British fisherman (1922–1980)

For other people of the same name, see Billy Lane, Billy Lane (footballer), and Billy Lane Lauffer.

Billy Lane

Billy Lane (1922-1980) was an English angler and author. Lane, a son of a Coventry fishing tackle shop owner, was a well-known match fisherman of the mid-20th century. In the 1950s he became the captain of the Coventry National Championship team. Although he never won the individual championship, his overall record was second to none.
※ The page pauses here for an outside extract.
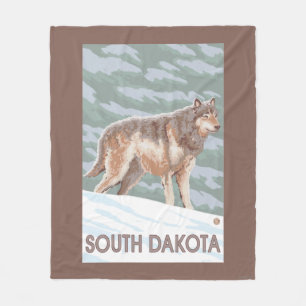 Couverture Polaire Loup gris StandingSouth Dakota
Lane became the first Englishman to win the World Freshwater Angling Championships in 1963 which were held on the River Moselle at Wormeldange, Luxembourg.
His written work includes The Billy Lane's Encyclopaedia of Float Fishing, which he wrote in conjunction with Colin Graham in 1971.
In addition to his written work, Lane had his own branded range of fishing tackle which included specialist floats and rods.

== Family history ==
Billy Lane senior bought a fishing tackle shop in Much Park Street, Coventry, formerly known as Storers, which was renamed W.H. Lane and Son. Lane junior worked part-time in the shop alongside his father. Lane junior was called up to serve in World War II with the Royal Air Force in 1940. He then went on to meet Nora in 1943, who he later married in 1946. They had two children together, the first being Alan, born 23 February 1948, and later Anne, born 19 May 1949. Lane worked full-time in the shop alongside his wife and both children. In 1966, the business moved to its current location 31-33 London Rd. Lane died in 1980 at the age of 58.